• [Source material]
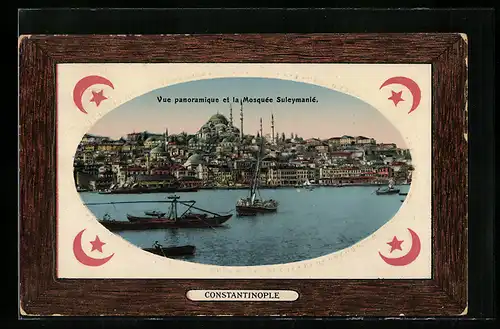 AK Constantinople, Vue panoramique et la Mosquée Suleymanié, Passepartout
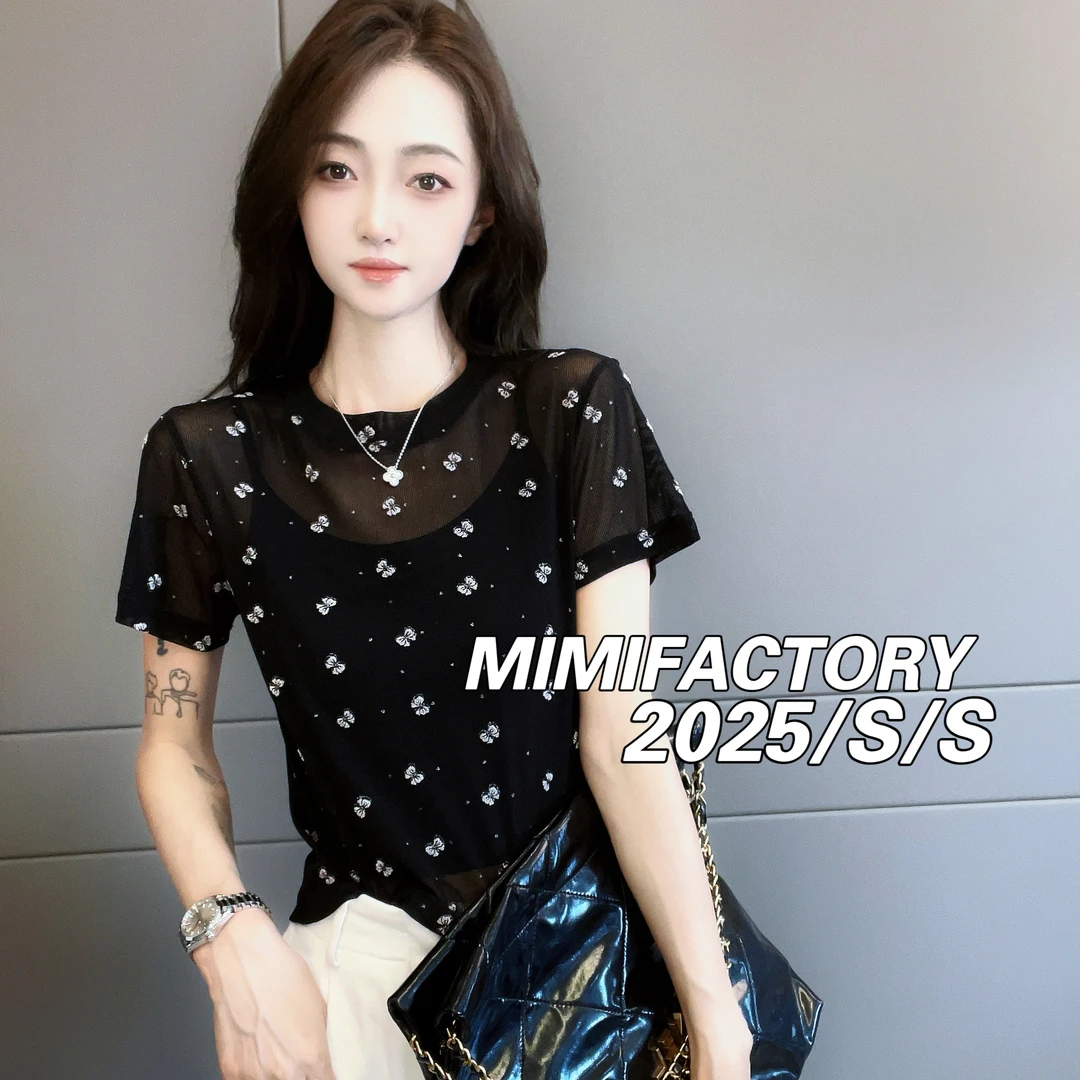 2025夏季新款 晕染立体蝴蝶圆领短袖T恤女百搭显瘦上衣4285#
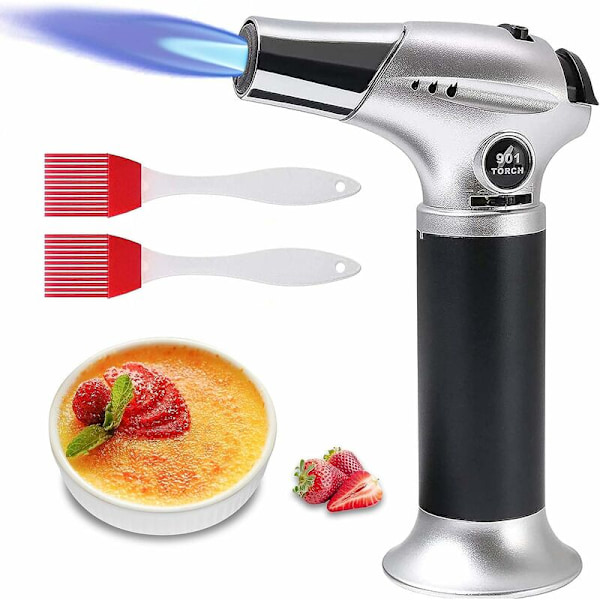 Kitchen Blowtorch, Rechargeable Torch with Safety Lock, Adjustable Flame with 2 Silicone Brushes for Cooking, Barbecue, Pastries, Soldering, Camping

• [Required work]
Please retype the material above exactly, and omit its images.

• [Exercise answer]
 AK Constantinople, Vue panoramique et la Mosquée Suleymanié, Passepartout
 2025夏季新款 晕染立体蝴蝶圆领短袖T恤女百搭显瘦上衣4285#
 Kitchen Blowtorch, Rechargeable Torch with Safety Lock, Adjustable Flame with 2 Silicone Brushes for Cooking, Barbecue, Pastries, Soldering, Camping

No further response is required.